Data shown
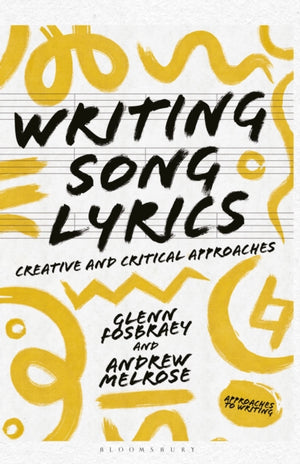 Writing Song Lyrics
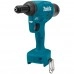 Аккумуляторный заклёпочник MAKITA DRV250Z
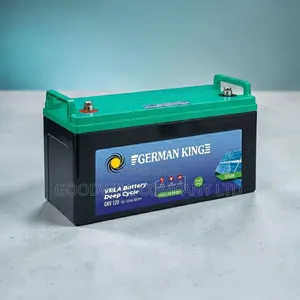 120ah Interstellar German King Battery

Task item
Only the lines starting at the one that holds "Аккумуляторный заклёпочник MAKITA DRV250Z" and ending at the last line of the data belong in your answer. Please set them down exactly and omit the pictures.

Reply to the task
 Аккумуляторный заклёпочник MAKITA DRV250Z
 120ah Interstellar German King Battery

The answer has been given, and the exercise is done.